Out of 6 boys and 4 girls, a committee of 5 members is to be formed. In how many ways can this be done, if at least 2 girls are included?

• A. 126
• B. 186
• C. 140
• D. 156

Hint:

When forming committees with restrictions (like having at least 2 girls), break the problem into cases based on the number of girls and boys, then add the results together.

Answer 1

The Correct Option is B

• Number of boys = 6
• Number of girls = 4
• Committee size = 5
• Condition: At least 2 girls must be included

Approach

We consider all possible cases that satisfy the condition of having at least 2 girls in the committee:

• 2 girls and 3 boys
• 3 girls and 2 boys
• 4 girls and 1 boy

We calculate each case separately and then sum the results.

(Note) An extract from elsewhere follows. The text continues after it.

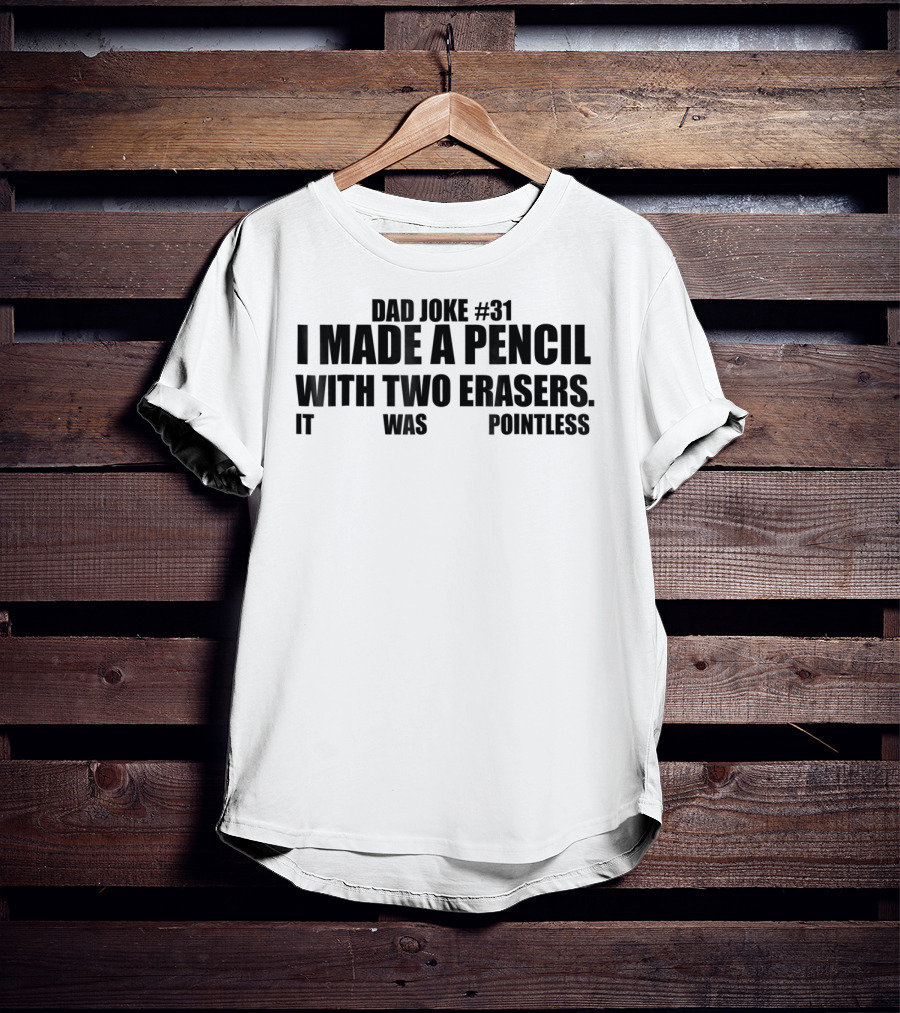 Dad Joke #31 I Made A Pencil With Two Erasers It Was Pointless T-Shirt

Case 1: 2 Girls and 3 Boys

\[ \text{Number of ways to choose 2 girls} = \binom{4}{2} = 6 \]

\[ \text{Number of ways to choose 3 boys} = \binom{6}{3} = 20 \]

\[ \text{Total for this case} = 6 \times 20 = 120 \]

Case 2: 3 Girls and 2 Boys

\[ \text{Number of ways to choose 3 girls} = \binom{4}{3} = 4 \]

\[ \text{Number of ways to choose 2 boys} = \binom{6}{2} = 15 \]

\[ \text{Total for this case} = 4 \times 15 = 60 \]

Case 3: 4 Girls and 1 Boy

\[ \text{Number of ways to choose 4 girls} = \binom{4}{4} = 1 \]

\[ \text{Number of ways to choose 1 boy} = \binom{6}{1} = 6 \]

\[ \text{Total for this case} = 1 \times 6 = 6 \]

Total Number of Ways

\[ \text{Total} = 120 (\text{Case 1}) + 60 (\text{Case 2}) + 6 (\text{Case 3}) = 186 \]

Final Answer

The total number of ways to form the committee is 186.

Verification

We can verify by calculating the total possible committees without restrictions and subtracting the invalid cases:

\[ \text{Total possible committees} = \binom{10}{5} = 252 \]

\[ \text{Committees with 0 girls} = \binom{6}{5} = 6 \]

\[ \text{Committees with 1 girl} = \binom{4}{1} \times \binom{6}{4} = 4 \times 15 = 60 \]

\[ \text{Valid committees} = 252 - 6 - 60 = 186 \]

This confirms our previous calculation.